After these movers and shakers, we get a brief timeline of Mor Aldenn' history and then new monsters. That is, they might be new for you. They include the Marsh Dragon, the Bog Giant, the Gold Cap, the Hag Spider, the Leyspinner, the Mahr, the Mirejack, Mythravens, Portunes, Spell Pikes and Veraxar. It should be noted that all of these creatures are included in the Mor Aldenn Creature Compendium (for detailed information, check out my review of it) and that the Spell Pike got a new piece of artwork - nice.

In chapter 8, we are introduced to the lands surrounding the city, including stats for the clockwork-possessed Miller, Moon Folly (I'd recommend checking out the pdf, though!), Ossindrilon and the Spindleflow as well as some pieces of information on hazards and a random encounter table.

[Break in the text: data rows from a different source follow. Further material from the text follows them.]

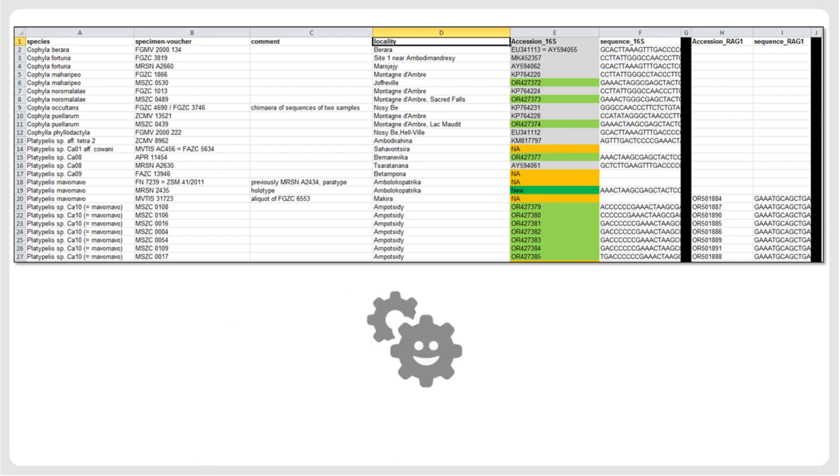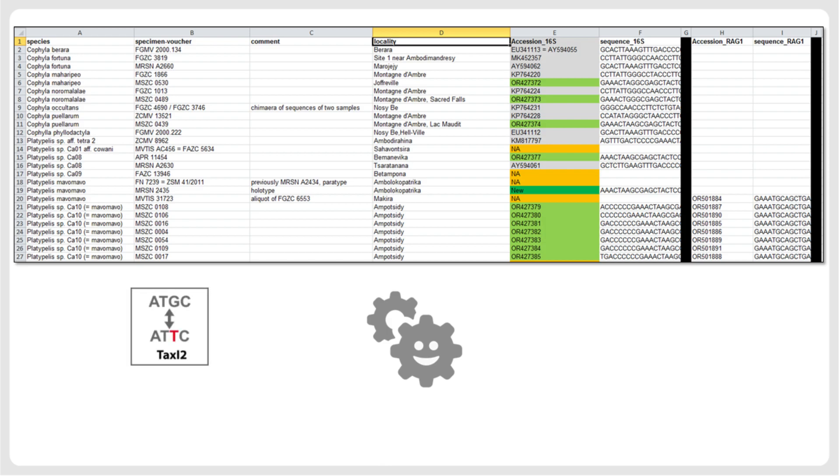Most importantly, once your sequences are organized and curated in a spreadsheet, you can export them in TSV format, which then serves as a convenient input format for various tools in the iTaxoTools project. For example, if you have multiple sequences per species, and the species information is included in a column of your spreadsheet, you can use Taxi2 to calculate mean pairwise genetic distances between species.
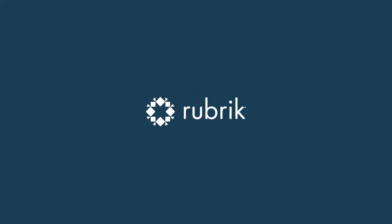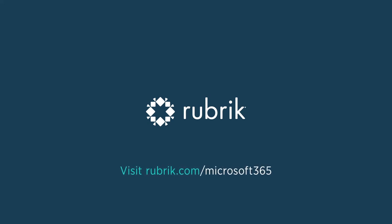To learn more about bouncing back from data loss with Rapid Recovery for Microsoft 365, visit rubric.com/Microsoft365.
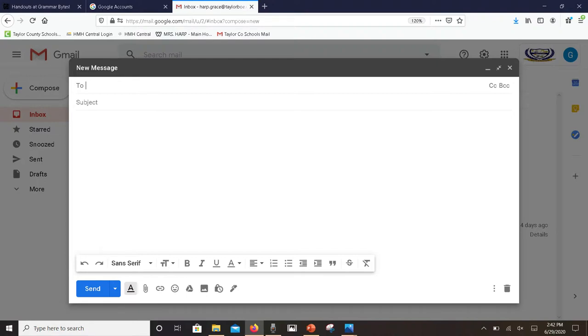There is also a link button right beside that where you can send a link. You can insert emojis. The triangle is to access your files on your Google Drive and upload those.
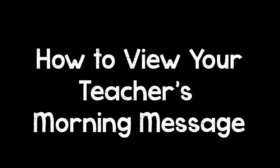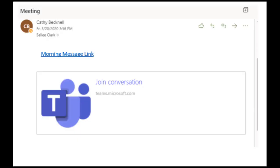Hello EMS ISD. Here's a quick video to show you how you can open your teacher's morning message from the link that they sent you in an email. Once you get the email, go ahead and click on the morning message link.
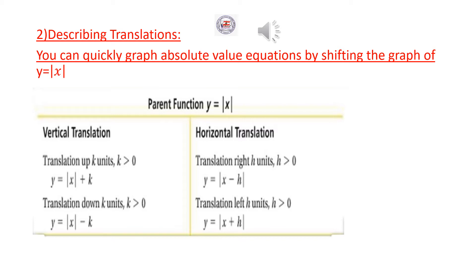Horizontal Translation. Translation right H units: Y equal absolute value of X minus H. Translation left H units: Y equal absolute value of X plus H.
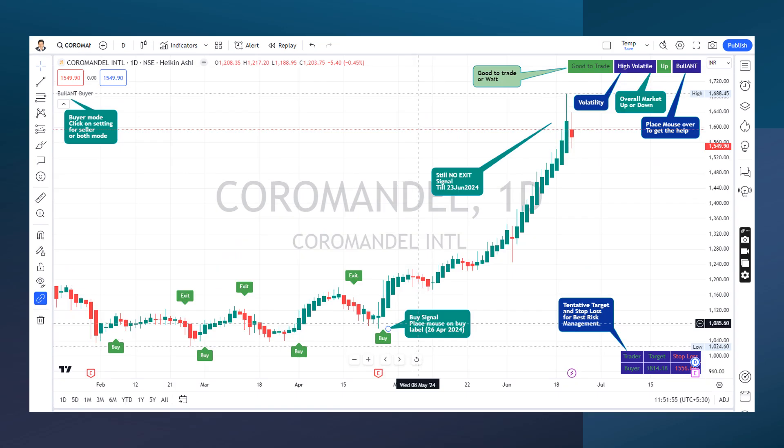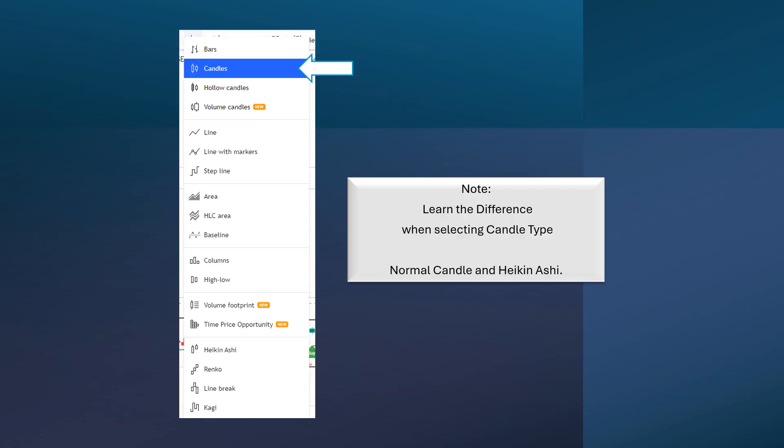This is the same Coromandal chart but on a one-day timeframe. It gave a buy signal on 28th April 2024, and as of 23rd June, it has not yet given an exit signal. So you can continue this journey and hold the position. You can see where your profit journey started from.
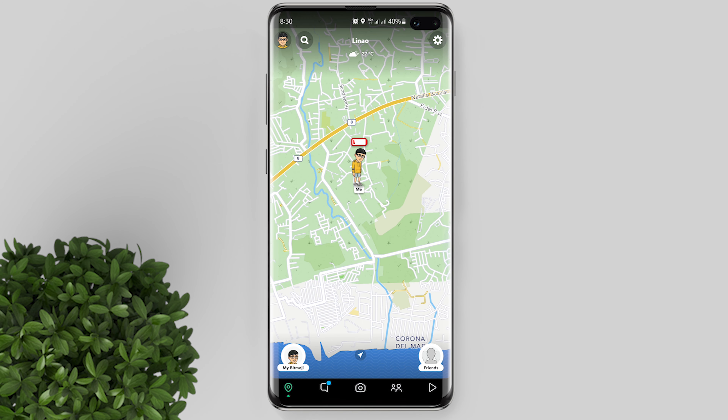So when you open your Snapchat app and you go to your Snap Map, you will see this battery icon above your bitmoji.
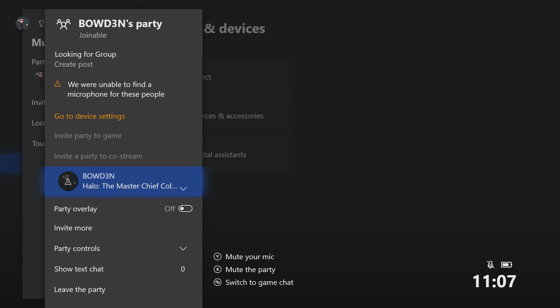So there you have it guys. That's a quick look at the new voice assistant features coming soon to Xbox One. Thanks so much for watching and I shall see you in the next one. Bye bye.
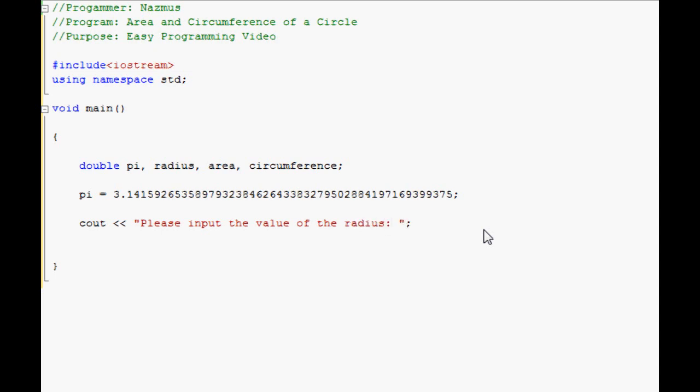We'll do please input the value of the radius. You want to put a space there in between the quote and the semicolon, the colon, so that everything isn't stuck together. And then you just cin. It'll tell the program that the user is putting in radius. Remember to end that line again.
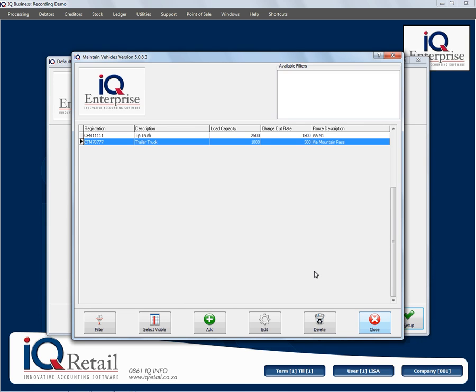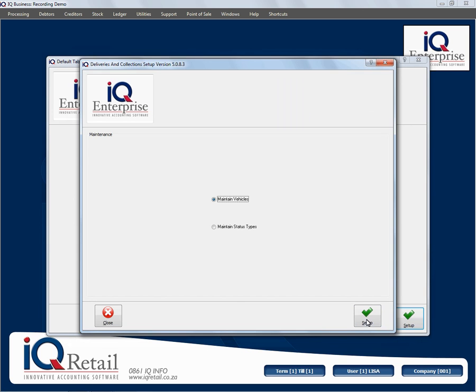So what can we do here? You can filter, you can select visible fields, you can add, you can edit any one of these options, or you can delete them. And once you've completed all your different types of trucks, you can click on close. And that concludes this session.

The last chapter is devoted to an introductory adventure called Ringside seats. This contains SPOILERS, so potential players might wish to jump to the conclusion.
...Still here? SPOILERS ahead.

All right! The PCs are contacted by Arvin Pheltapor, owner of Pheltapor's Phantabularium, the place where due to a loop-hole in the law, people may bet on (non-lethal) bouts against strange creatures. If the PCs have only knocked out his escaped wild animals, they will have a thankful customer at their hands who wants them to escort his latest acquisition home. On their way to get the goods, the PCs are beset by Lizardfolk and finally receive the boars - boars? Well... the particularly ugly, scaled boars are in fact three imps in disguise and thus can manage to easily escape from their confinement. One leads the PCs on a merry chase, one confronts them in the Phantabulrium and the final wants to be taken as a familiar once his brothers have been vanquished. (Though until Improved Familiar is taken, the creature is more than unreliable=. I did enjoy this rather light-hearted introduction to the City of Mages and while the scenario per se is nothing to gasp in astonishment at, I do have read far, far worse scenarios, especially at the back of a campaign setting book. The pdf concludes with an NPC-name appendix that would be even more useful, would it include the page numbers where the information on the NPCs can be found - after all, many of them are scattered throughout the book.

Conclusion:
Editing and formatting are actually top-notch - I did notice less than 5 glitches on over 160 pages - neat! In contrast to some of the other offerings of Headless Hydra Games, I noticed only one page that contains some rather awkward wordings, making this a very good read and pleasantly surprising me with the quality of the rather concise writing. The pdf comes with quite extensive bookmarks that make navigation of the pdf very easy. The pdf is slightly bigger than 100 mbs, at this length, with the wide variety of high-res maps and fully bookmarked, this is ok. Layout adheres to the 2-column b/w- standard and the b/w-artworks rock. I already commented on the quality of writing and the new crunch is mostly nice. While I'm still not sold on centaurs and a certain racial trait of the Gaiant, I do absolutely love the fluff of the city. The city of mages makes sense and is a concisely-presented magocracy that makes for a neat little setting and contains some rather interesting characters, hooks galore and dreadful villains. I particularly enjoyed the "anti-mage"-classes like the magus-variant and the PrC.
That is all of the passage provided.